Tuesday, April 7, 2015

Are we heading for a crash of the stock market?


Hmmm…
The key takeaway is that overvalued financial markets are not sustainable and must eventually experience a correction that returns them back to their fundamental value. In a free market (unlike what we have now), stock valuations move in waves, alternating from undervaluation to fair valuation to overvaluation, and back again. The Federal Reserve, by trying to keep the bubble constantly inflated, has distorted this natural process. Regardless, U.S. stocks will come back to earth when the Fed finally loses control of the situation, and the final comedown will be far more painful than would occur in a free market.

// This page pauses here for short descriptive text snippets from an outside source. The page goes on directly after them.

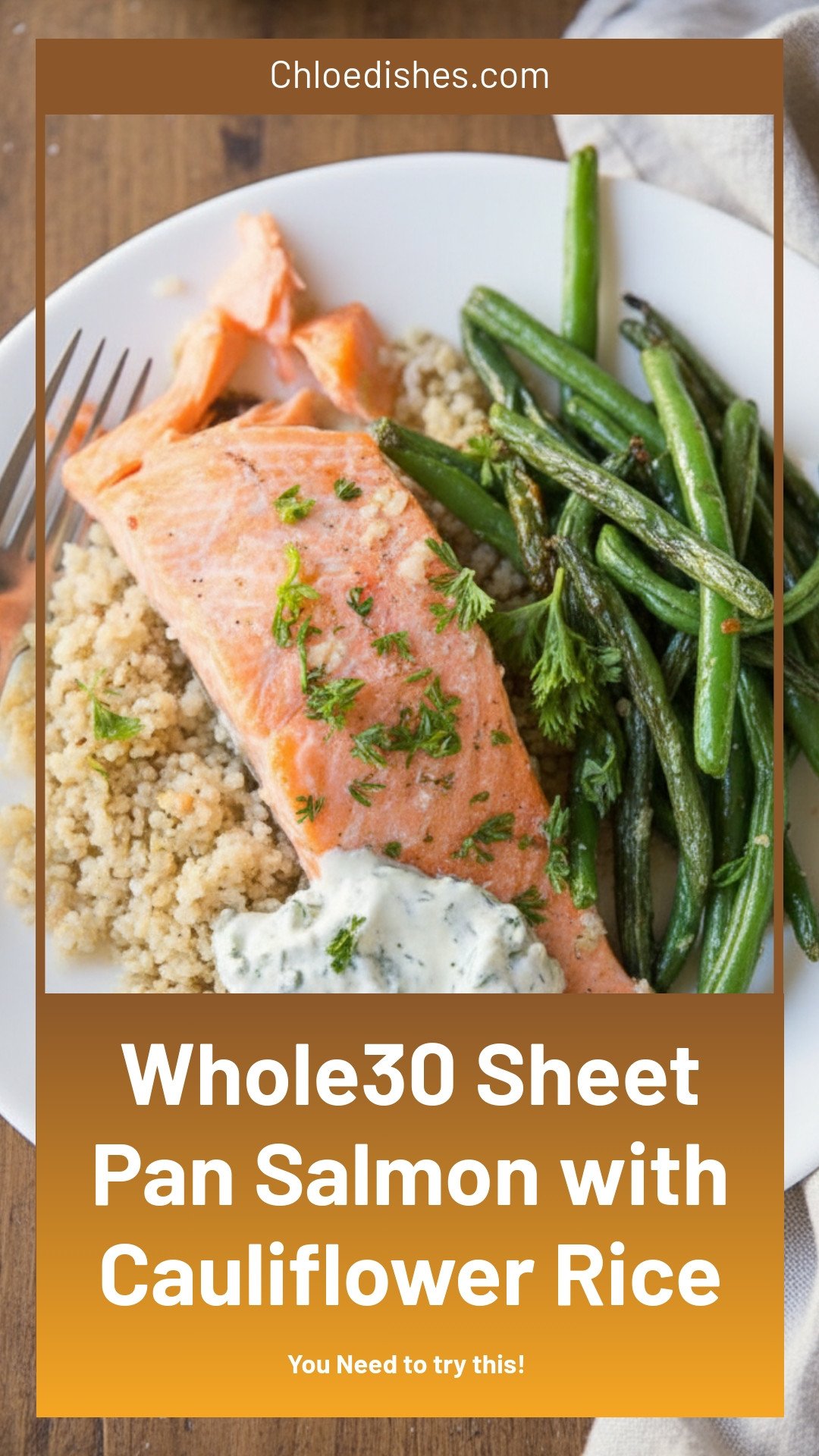 Whole30 Sheetpan Salmon with Cauliflower Rice, Green Beans, and Creamy Honey Mustard Sauce | Caroline Chambers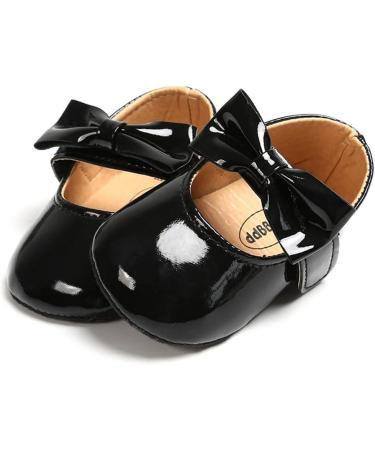 RVROVIC Baby Girl Moccasins | Infant Princess Sparkly Soft Sole Shoes | 0-6 Months | Black - Buy Online on SooperMarket.com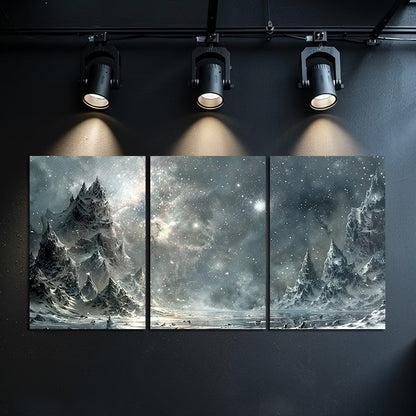 3pcs Starry Night Sky Mountain Landscape Wall Art Set Canvas Framed 40x60cm - High Quality Print 100% Australian Made Wall Canvas Ready to Hang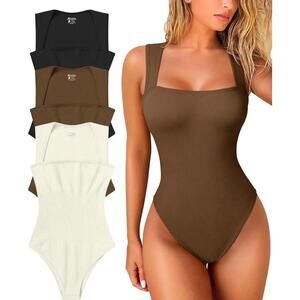 XXL - OQQ Women's 3 Piece Bodysuits ( Cream/Black/Brown)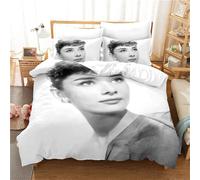 Housse De Couette Et 2 Taies D'oreiller Audrey Hepburn Parure De Lit Double En Microfibre Avec Fermeture Éclair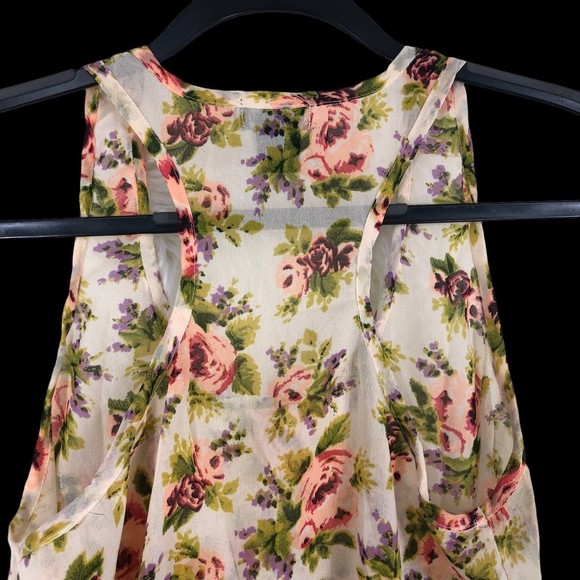 Vtg Wet Seal Sheer Razor Back Tank Yop Pink & Purple Floral Print sz S - Picture 9 of 9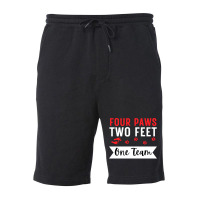 Dog Agility Four Paws Two Feet One Team Fleece Short | Artistshot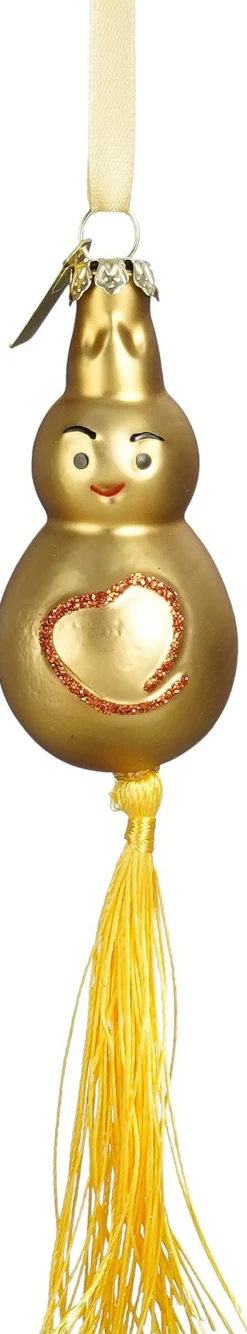 Kerst ornament Prinses Maxima Centrum gelukspoppetje bruin 3,5 x 3,5 x 15 cm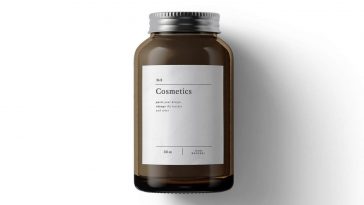 top view of a cosmetics glass bottle mockup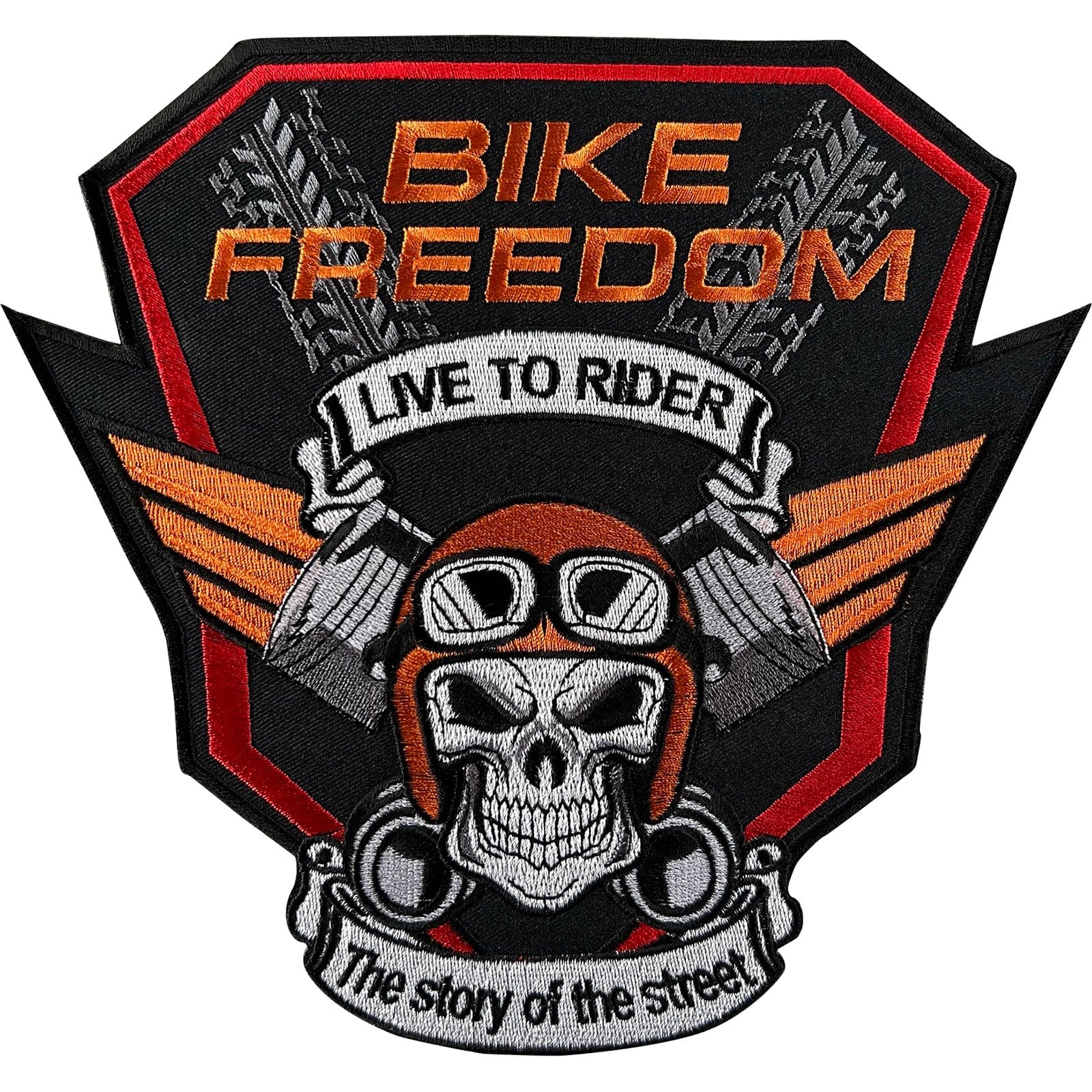 Large Bike Freedom Patch Iron Sew On Motorcycle Jacket Motorbike Vest Big Badge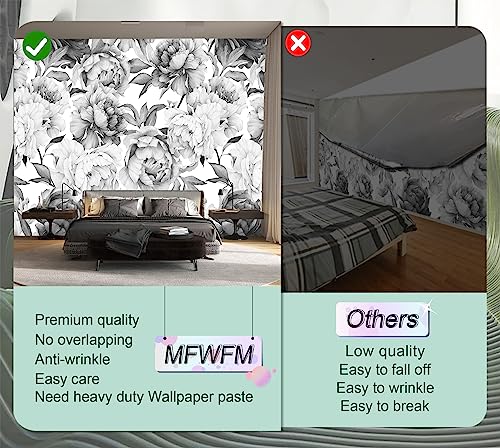 Mfwfm Gray Peonies Wallpaper Watercolor Floral Mural Wallpaper For Nursery #TOP6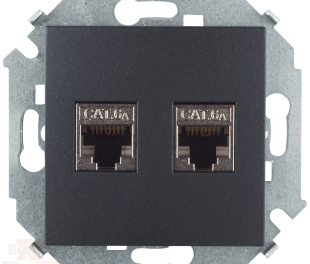 Simon 15 Графит Розетка компьютерная двойная 2хRJ45 кат.6A (АМР, FTP)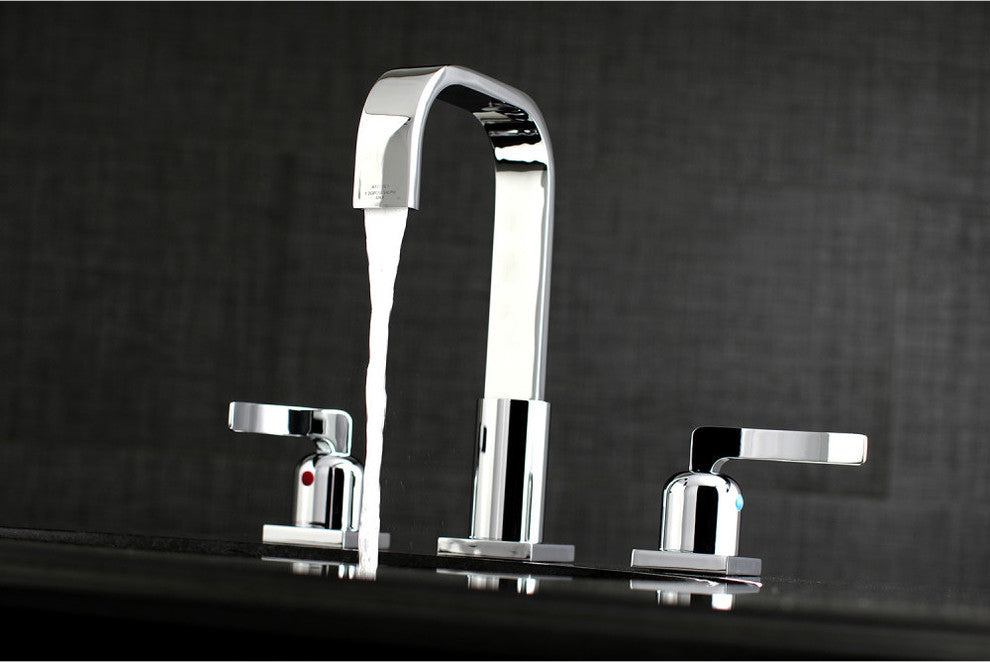 Fauceture Widespread Bathroom Faucet With Retail Pop-Up, Polished Chrome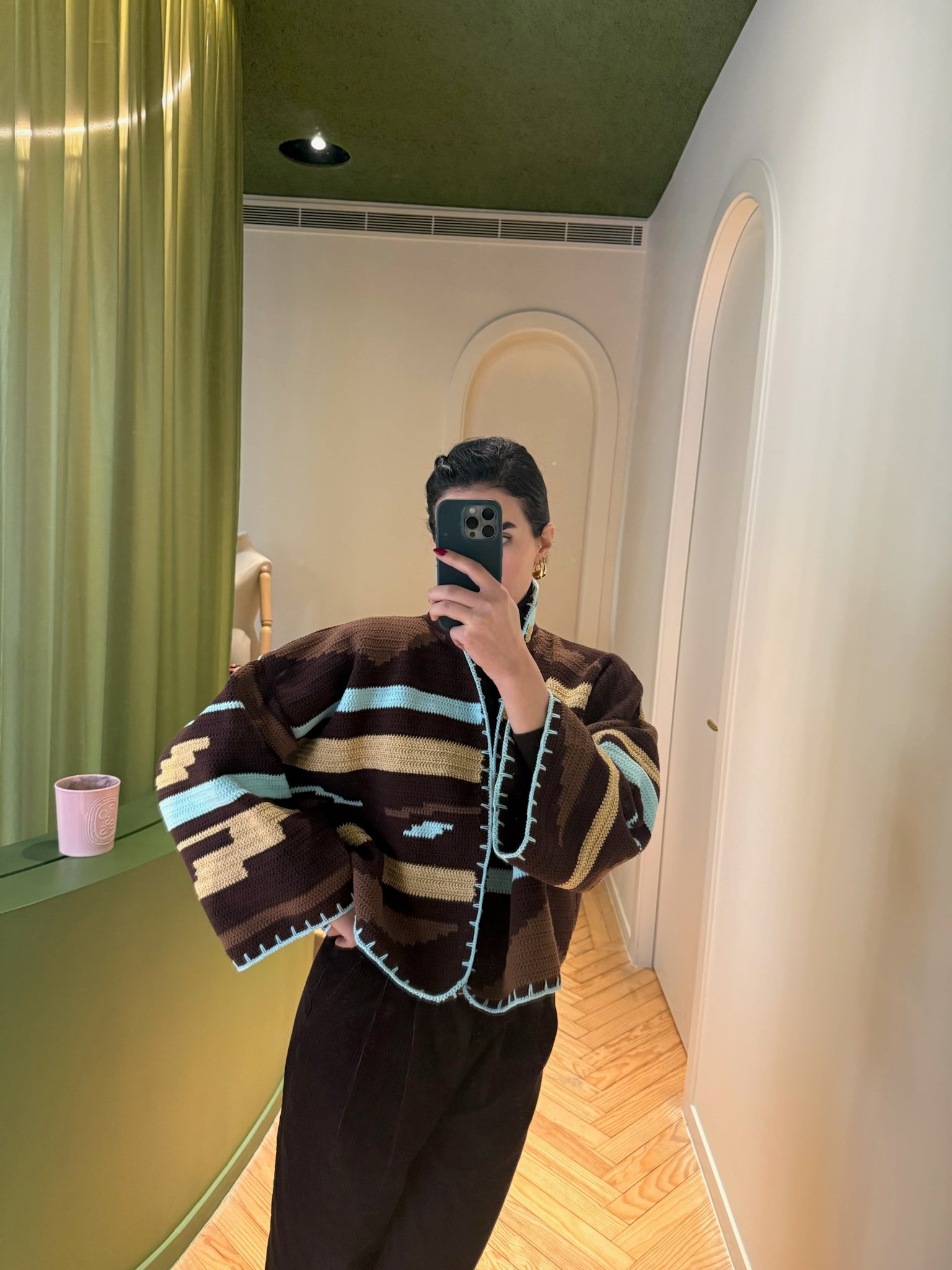 KIONA JACKET BROWN/AQUA OS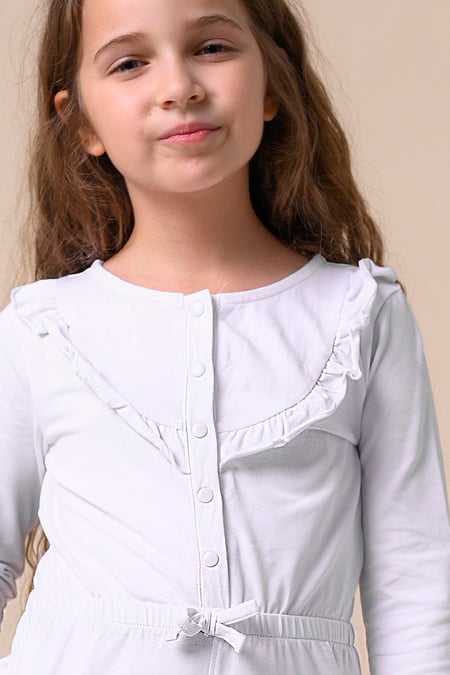 White Frill Detail Button Through Jumpsuit (2yrs-9yrs)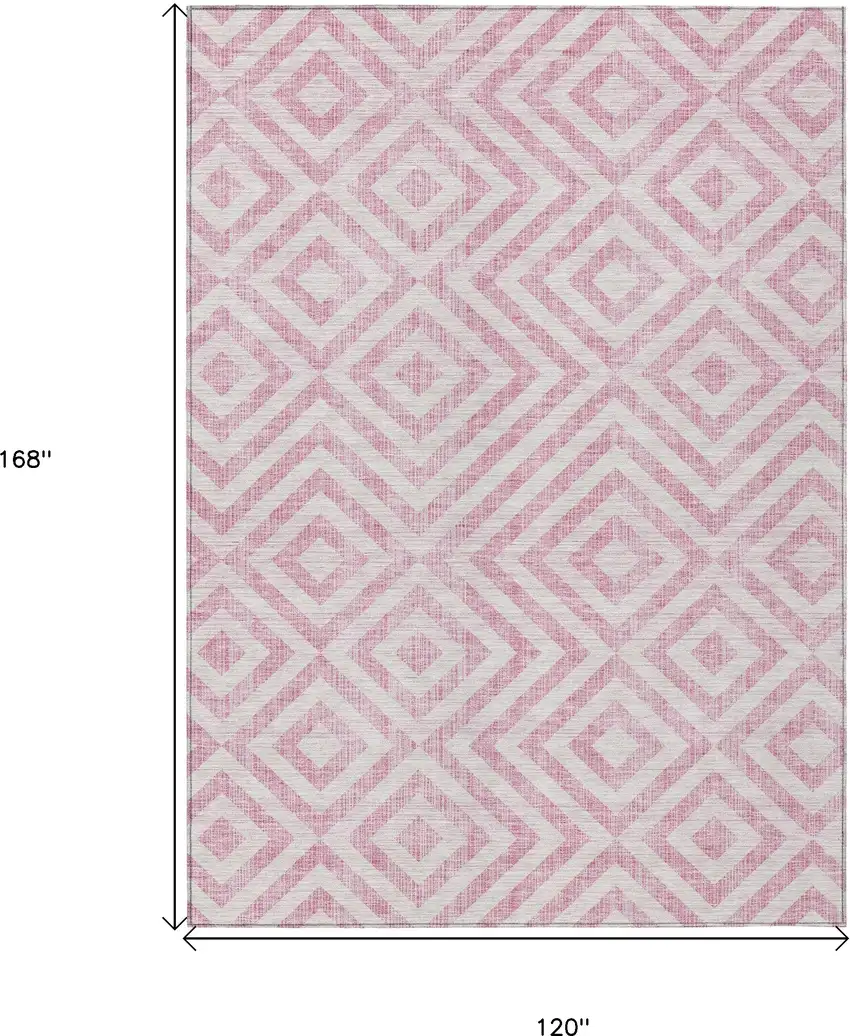Pink And Ivory Geometric Washable Indoor Outdoor Area Rug Photo 3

How The Stock Bubble Will End
I believe that the longer-term U.S. stock bubble will end when the very fuel behind it is removed, which is record low interest rates. As I discussed in my last stock bubble report, I foresee two ways that rates will rise and pop the stock bubble: 
Scenario #1: After several more years of the Bubblecovery or bubble-driven economic recovery, the Federal Reserve has a “Mission Accomplished” moment and eventually increases the Fed Funds rate too high, creating a hard landing that pops the post-2009 bubbles that were created by stimulative monetary conditions in the first place. Rising interest rates are what ended the 2003-2007 bubble, which led to the Global Financial Crisis. 
Scenario #2: The ballooning and unsustainable amount of government and corporate bond market debt eventually causes investors to jettison bonds en masse, which leads to much higher interest rates.